Under a headline 'the city's island jungle', it was reported that "a good proportion of the tenants of Noble Street were perfectly normal law-abiding citizens". They had the misfortune, however, to live in an area which "had all the social evils. Vandalism was rife, the crime rate was sky-high, and it was difficult to police".

Noble Street flats in Newcastle's West End under demolition, August 1978 (Mirrorpix)

The report pointed out that many of the flats were now deserted, boarded-up, and easy-prey for vandals. People were scared to go out alone at night for fear of gangs, and packs of dogs roamed the estate. Vandalism was rife and people would break into buildings to steal scrap metal.

There were few lights in the tenement corridors and stairwells, and there were no gardens for children to play in. Public phone boxes (in a time long before ubiquitous mobiles and landlines) had all been destroyed by vandals so people couldn't ring the police, thereby creating an "island effect".

One resident told us: "The flats were nice but they started to go downhill in the mid 1960s. Some of the people here were great, but when they started putting problem families in, things really got worse."

The Elswick housing estate, which sat off Scotswood Road, had been built between 1956 and 1958 at a cut-price £500,000 on the site of recently-demolished Victorian-era slum housing.

The basic five-storey tenement blocks incorporating flats and maisonettes would accommodate 500 families. This type of functional, concrete, urban landscape would become a common sight in the inner cities and towns of post-war Britain.

Often cheaply built, and with people forced to live on top of each other amid darkened warrens of stairwells and alleyways, the tenement estates would generally not be a success.

In 1964, there were reports of old folk on the Noble Street estate frightened to leave their homes because of the large number of burglaries, some in daylight.
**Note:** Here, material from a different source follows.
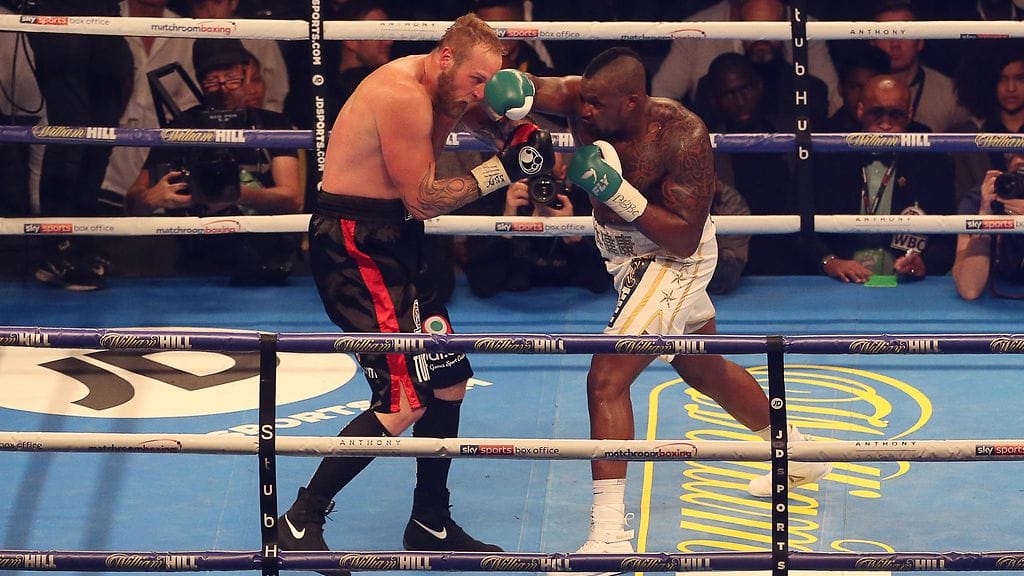 Robert Helenius (vas.) väsähti Dillian Whytea vastaan.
One 73-year-old had been burgled three times in as many weeks.

In 1971, it was being described as “the worst post war estate in Britain and probably in Europe” with “a large number of problem families on the estate”, “a high degree of unemployment”, “undesirable housing”, and with “people on Noble Street feel a great stigma”.

And by the mid 1970s, local councillors were desperately urging the council to commit to rehousing all 1,500 residents within three years. In the event, it wasn’t until 1978 that run-down Noble Street flats would be demolished. The estate had lasted little more than two decades.

Interestingly years after the people had moved out and the flats had come down, the Chronicle received letters from former residents in support of life in Noble Street. One told us: “I was brought up there, and they were the best days of my life," while another declared: “I know that most people will say you never forget your childhood, but living in Noble Street in the 1970s was magic."